So we get our labor statistics from the Bureau of Labor Statistics. He gets his from the Bureau of Rush's Butt.

Parrish: What do you hope listeners get out of your program?

Franken: I hope that they get good information about what's going on in the world, what's going on with our government, what's going on politically; I hope they get enjoyable conversation, a laugh or two; and I hope they get armed with information that they can use to fight back against forces in this country that are hurting us, hurting our country, hurting the people, hurting people in this country who shouldn't be hurt.

Parrish: What gives you hope?

Franken: What's giving me hope is watching this administration overreach and seeing them get burnt when they do. I see a lot of hopeful things coming out of this past election, even. The president won by the smallest margin of any incumbent president ever. Kerry won among young people. There's a lot of activism going on. I see things happening in states because nothing's going to happen in Washington. That's why these road trips are so valuable.
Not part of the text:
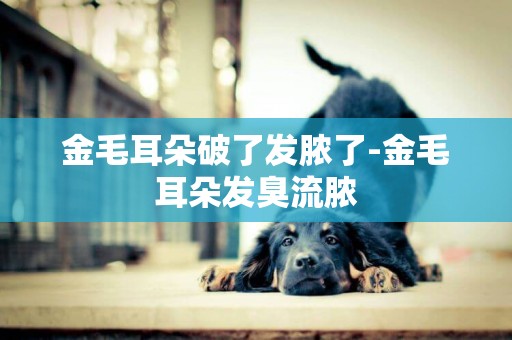 金毛耳朵破了發膿了-金毛耳朵發臭流膿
We meet with people, we have guests on who are doing things in these different states that can't be accomplished in Washington.

Parrish: What, long term, is the goal of Air America?
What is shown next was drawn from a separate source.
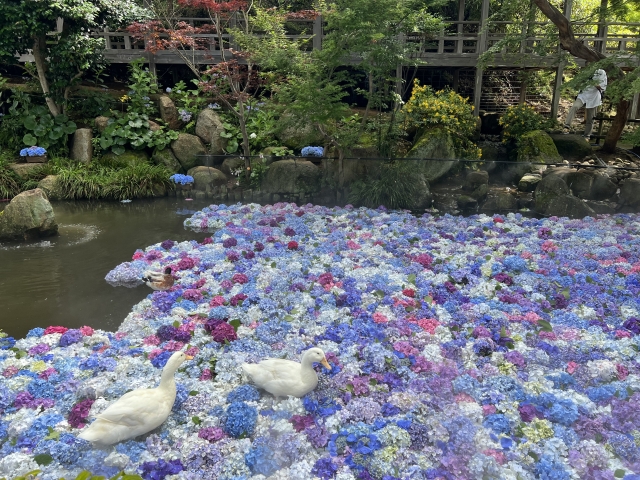 雨引観音のイメージ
Franken: Long term, the goal is to build until our reach is 100 percent of the country. This takes a while. We've been doing this a year. We now cover between 50 percent and 55 percent of the country. We've done that in a year. We're going to be, I think by the end of this year, somewhere around 70 percent. The goal is really to be heard everywhere, and it just takes a while to build. And I believe we will.

Parrish: Are you enjoying it?

Franken: I really am. I like doing it. I love the show itself, I love being on the air. I'm a performer; I always have been. Even at SNL, when my main function was as a writer, I kept pushing to get myself on-screen. And I like talking.